● Record excerpts:
════════════════════

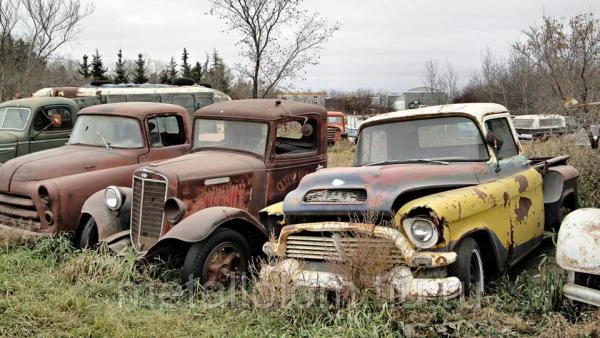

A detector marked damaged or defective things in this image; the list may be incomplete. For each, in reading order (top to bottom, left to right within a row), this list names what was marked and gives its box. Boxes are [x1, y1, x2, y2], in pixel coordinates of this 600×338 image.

rusty metal surface [196, 98, 328, 121]
rusty grille [0, 191, 40, 231]
rusty hood panel [0, 145, 137, 190]
rusty brown truck [0, 103, 191, 238]
rusty vintage truck [0, 103, 192, 238]
rusty metal surface [0, 103, 193, 235]
rusty grille [131, 174, 166, 251]
rusty brown truck [79, 99, 326, 286]
rusty hood panel [143, 151, 264, 182]
rusty vintage truck [79, 99, 328, 286]
rusty hood panel [282, 162, 488, 215]
rusty vintage truck [260, 102, 580, 298]
rust patch [512, 174, 528, 193]
rust patch [512, 197, 532, 223]
rusted wheel rim [202, 242, 244, 286]
rusty grille [284, 234, 404, 266]
rusty metal surface [264, 223, 458, 268]
rusty metal surface [260, 258, 462, 302]
rusty metal surface [556, 209, 600, 274]
rusty vintage truck [556, 209, 600, 306]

════════════════════

● Task: For the entries above, return an exact copy that omits the images.

● Task answer:
A detector marked damaged or defective things in this image; the list may be incomplete. For each, in reading order (top to bottom, left to right within a row), this list names what was marked and gives its box. Boxes are [x1, y1, x2, y2], in pixel coordinates of this 600×338 image.

rusty metal surface [196, 98, 328, 121]
rusty grille [0, 191, 40, 231]
rusty hood panel [0, 145, 137, 190]
rusty brown truck [0, 103, 191, 238]
rusty vintage truck [0, 103, 192, 238]
rusty metal surface [0, 103, 193, 235]
rusty grille [131, 174, 166, 251]
rusty brown truck [79, 99, 326, 286]
rusty hood panel [143, 151, 264, 182]
rusty vintage truck [79, 99, 328, 286]
rusty hood panel [282, 162, 488, 215]
rusty vintage truck [260, 102, 580, 298]
rust patch [512, 174, 528, 193]
rust patch [512, 197, 532, 223]
rusted wheel rim [202, 242, 244, 286]
rusty grille [284, 234, 404, 266]
rusty metal surface [264, 223, 458, 268]
rusty metal surface [260, 258, 462, 302]
rusty metal surface [556, 209, 600, 274]
rusty vintage truck [556, 209, 600, 306]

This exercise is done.